The current draft improves on the discussion draft by giving the oversight board a mandate to lean on Puerto Rico’s legislature to pass pro-growth reforms. The power to do so remains in the legislature’s hands, and optimism about their willingness to divest the government cronies who have profited so well from the island’s corporatism is probably unwarranted.

Legal continuity

Creditor groups are the canaries in the coal mine. If all are equally happy or equally unhappy, that’s a sign that proposed legislation treats them equally. If some creditor groups seem happy with legislation and others unhappy, that’s a sign that the legislation will shift their relative priorities.
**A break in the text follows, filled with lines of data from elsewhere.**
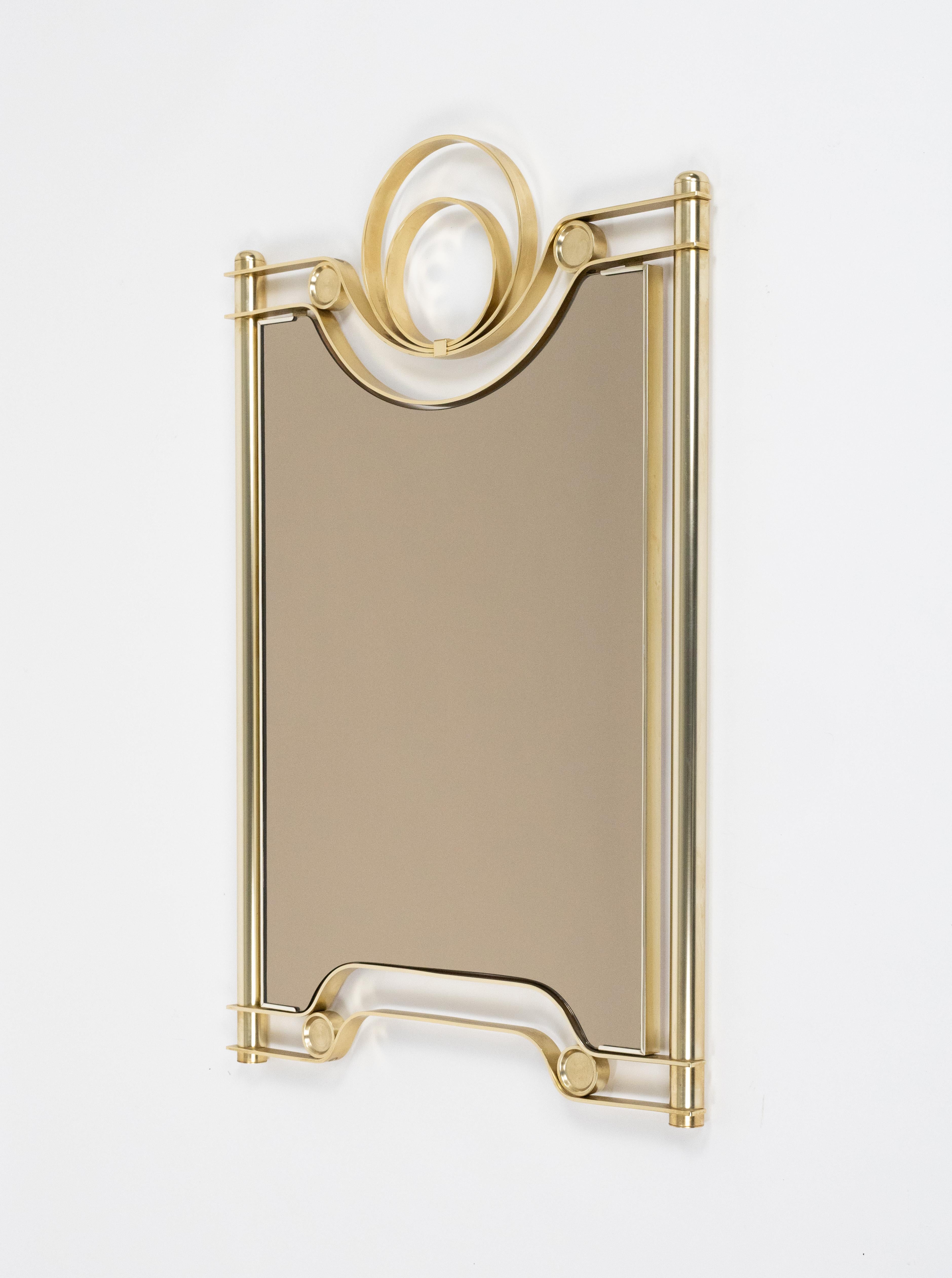 Midcentury Brass Wall Mirror Attributed to Luciano Frigerio, Italy 1970s en venta 1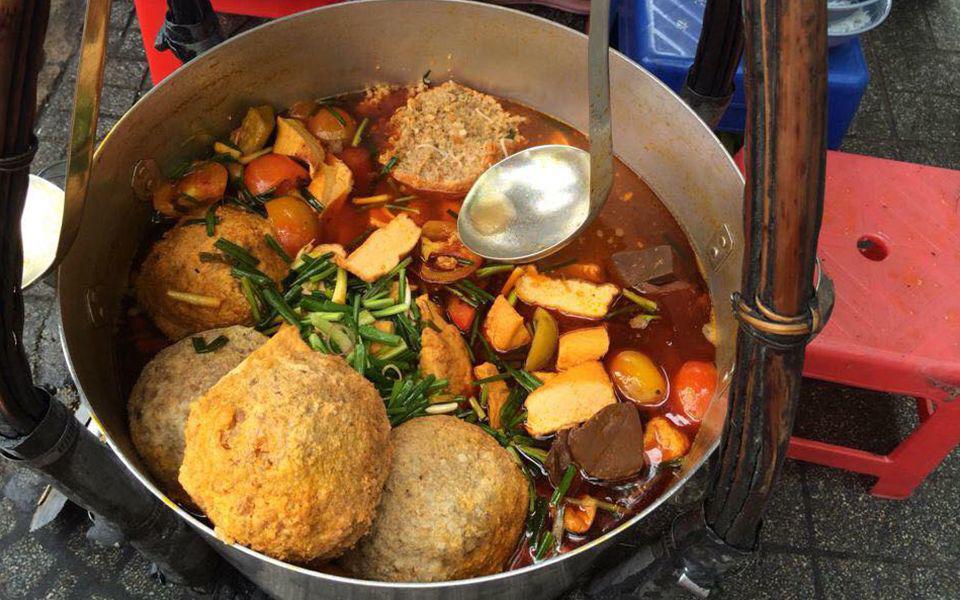 Gánh bún 40 năm khiến vạn người mê bằng công thức bí mật, giá đắt mà khách nườm nượp - 3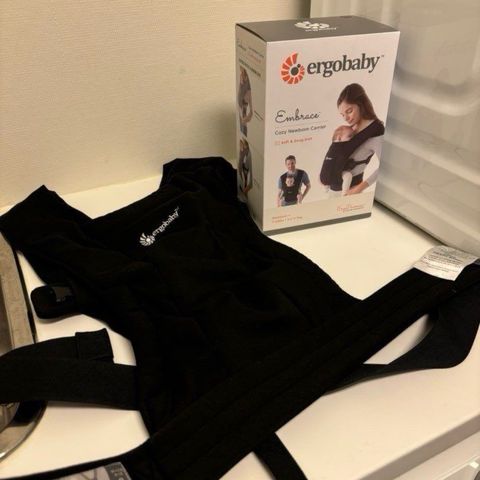 Ergobaby Embrace Pure Black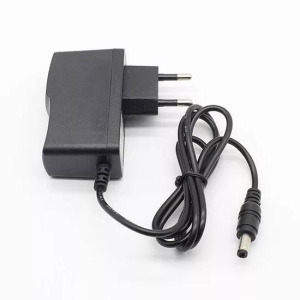 Hálózati adapter 5V/2A, 5.5/2.5mm csatlakozás, 0.9m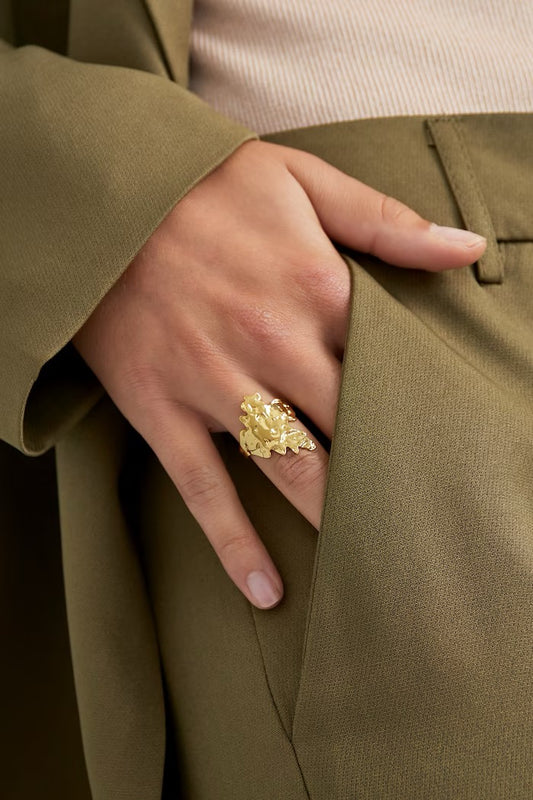 Abstract Texture Ring Gold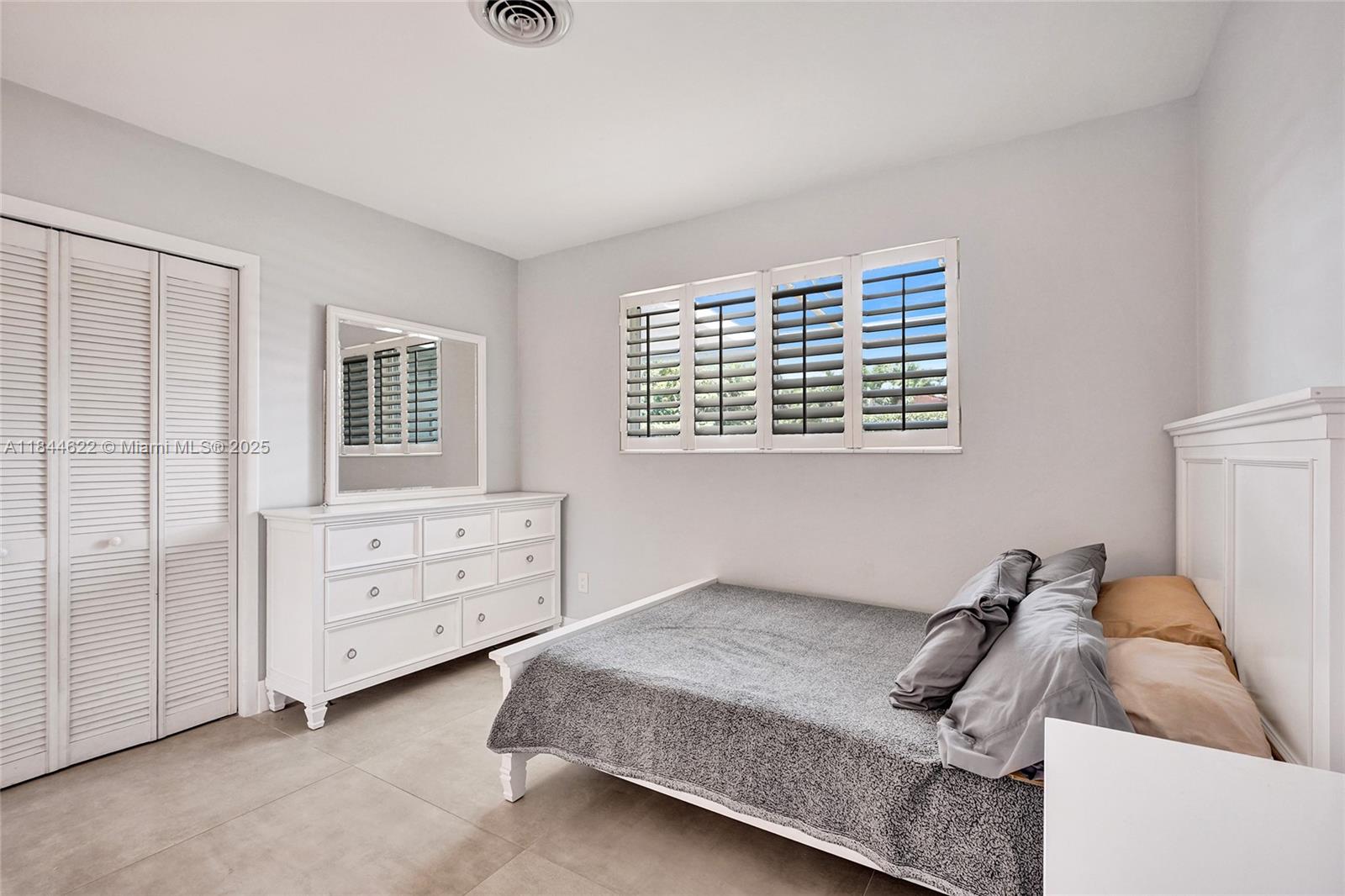 SKY LAKE - Residential Lease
The current draft maintains two provisions that break the continuity of creditors’ legal claims. One provision, Title III of the legislation, extends bankruptcy proceedings that are substantively identical to Chapter 9 bankruptcy to Puerto Rico. The only ameliorating factor is the good conscience of the oversight board.
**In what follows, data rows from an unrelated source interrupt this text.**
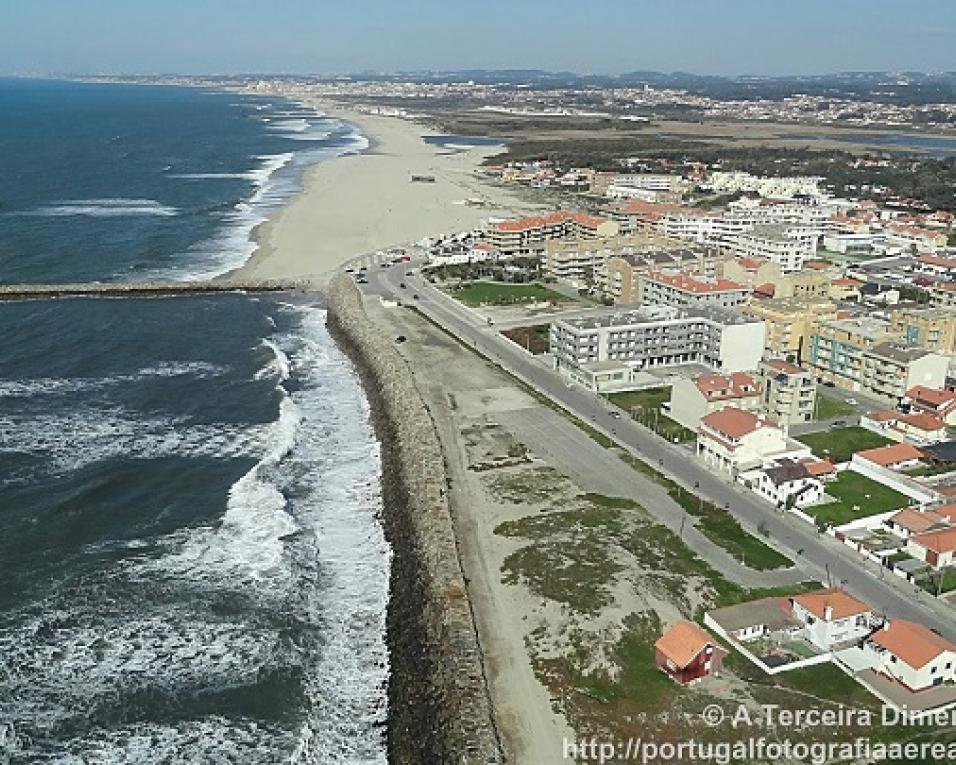 Trabalhadores das Misericórdias protestam em Esmoriz.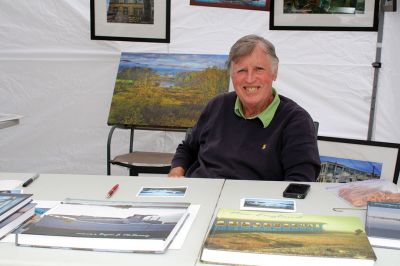 Arts in the Park
This Saturday, July 9, was the annual Arts in the Park event in Marion, sponsored by the Marion Art Center. Local artists display their handcrafted items in Bicentennial Park in the town village, while food vendors, live music, and children’s activities entertain festivalgoers. Photos by Jean Perry
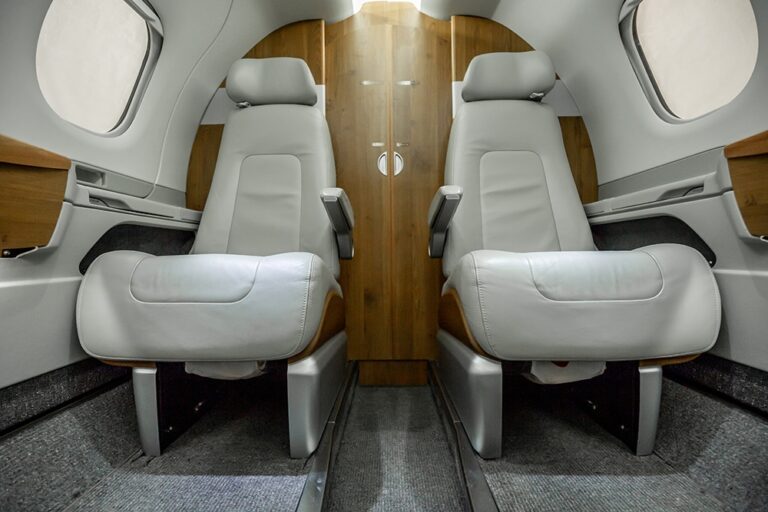 Phenom100-N161CE-15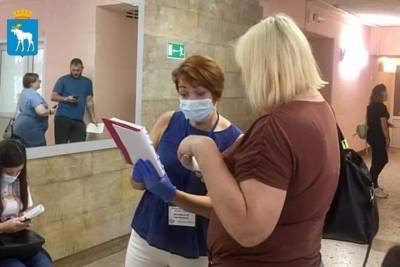 Волонтеры «ЕР» работают в Центре вакцинации в Йошкар-Оле - mk.ru - Россия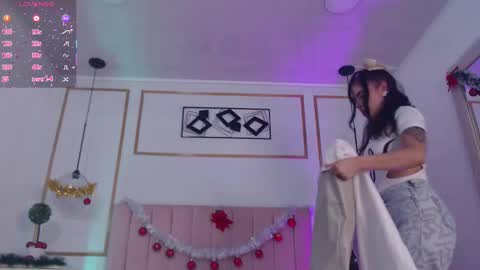 Isa Online 11pm to 5am Colombia time online show from December 14, 11:10 pm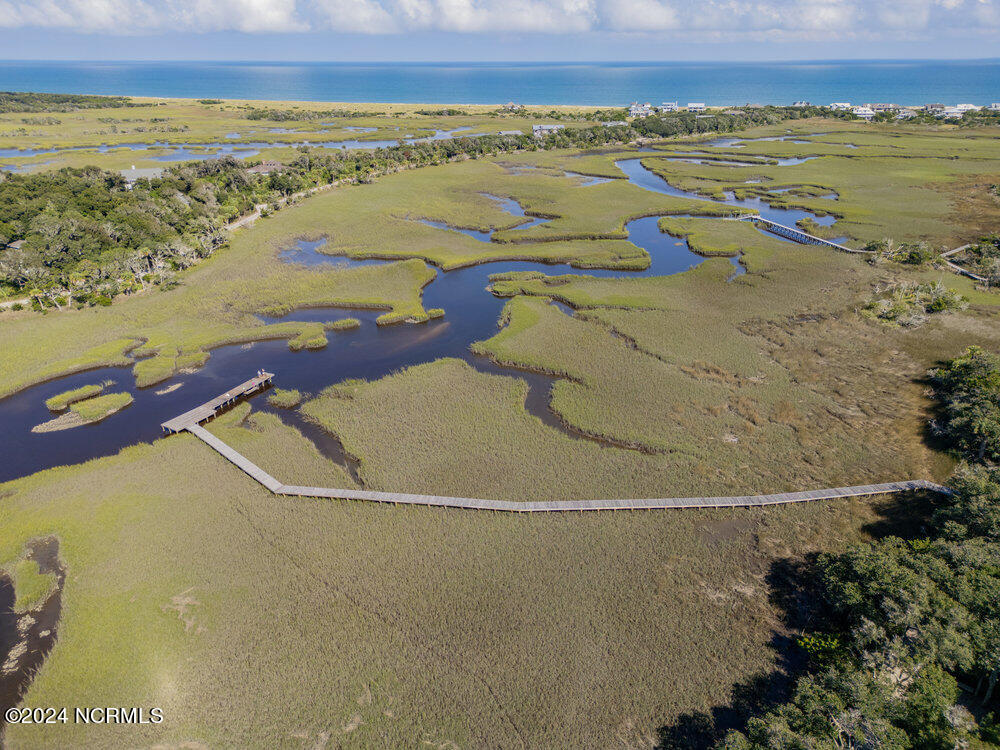 15 Surfboat Court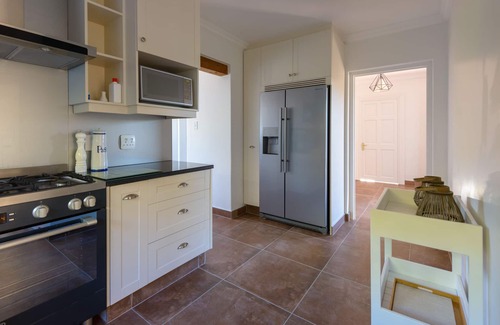 Hunter's Home House | Catch the breeze - unlimited views of Knysna Lagoon and Outeniqua mountains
Worse still, the draft would enact an immediate stay on litigation, allowing Puerto Rico to default on payments in early May without consequence and before the oversight board has become active.
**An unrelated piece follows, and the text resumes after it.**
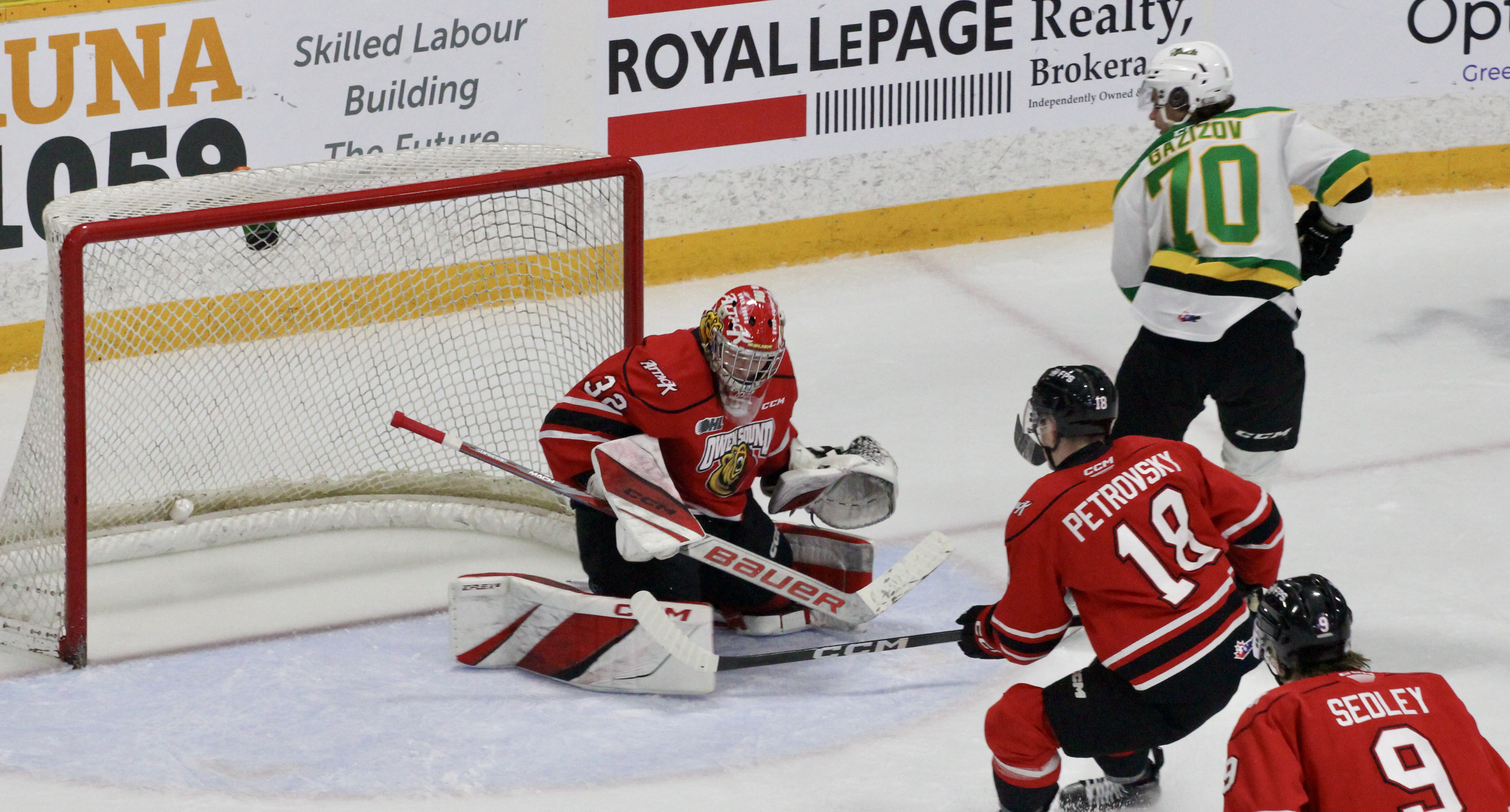 Руслан Газизов вкара три пъти а Истън Коуън удължи поредицата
Litigation will not, contra some claims, create chaos in Puerto Rico’s economy. It is not the plodding process of lawsuits through the courts, but rather their resolution therefrom that results in ripples (good or bad) through the outside world.

The draft’s addition of a process for adding collective action clauses to existing bond indentures would expedite negotiations in the absence of Super Chapter 9 bankruptcy option and a legal stay. But the draft’s Super Chapter 9 gives Puerto Rico and the oversight board a whip hand, tilting such negotiations in their favor, and the stay on litigation reduces the incentive for Puerto Rico and the Oversight Board to come to the table.

Imposing collective action clauses with less than unanimous consent is not ideal, but they represent a much smaller potential deviation from legal continuity than either Super Chapter 9 as proposed here or the stay of litigation.

However, even pre-existing collective action clauses are little comfort to a creditor facing an oversight board with a “fiscal plan” of its own and the power to enforce it with the normal legal process sidelined.

What Congress Should Do

The proposed legislation substitutes the wisdom of a seven-member oversight board for the normal process and functioning of the law. Although the members of the board will no doubt be wise and well-intentioned, their wisdom is not the legal safeguard that creditors purchased. Nor will their wisdom, powerless to reform the progressive cronyism at the heart of Puerto Rico’s economic woes, suffice to move the island from decline to prosperity.

As conservatives in Congress consider this bill, they should keep in mind the principles outlined above. Some ways of moving this bill toward a constructive, conservative solution include:

  • Restore regular pension reporting mandates and extend to all states, municipalities, and territories.
  • Grant Puerto Rico the same exemption from the federal minimum wage as enjoyed by American Samoa.
  • Drop Title III and the stay altogether. Failing that, delay the onset of the stay until the Oversight Board has reached a four-member quorum.
  • Exempt Puerto Rico from the maritime Jones Act, as the U.S. Virgin Islands are exempted.
  • Require unanimity or near unanimity among voters in Collective Action Clause votes.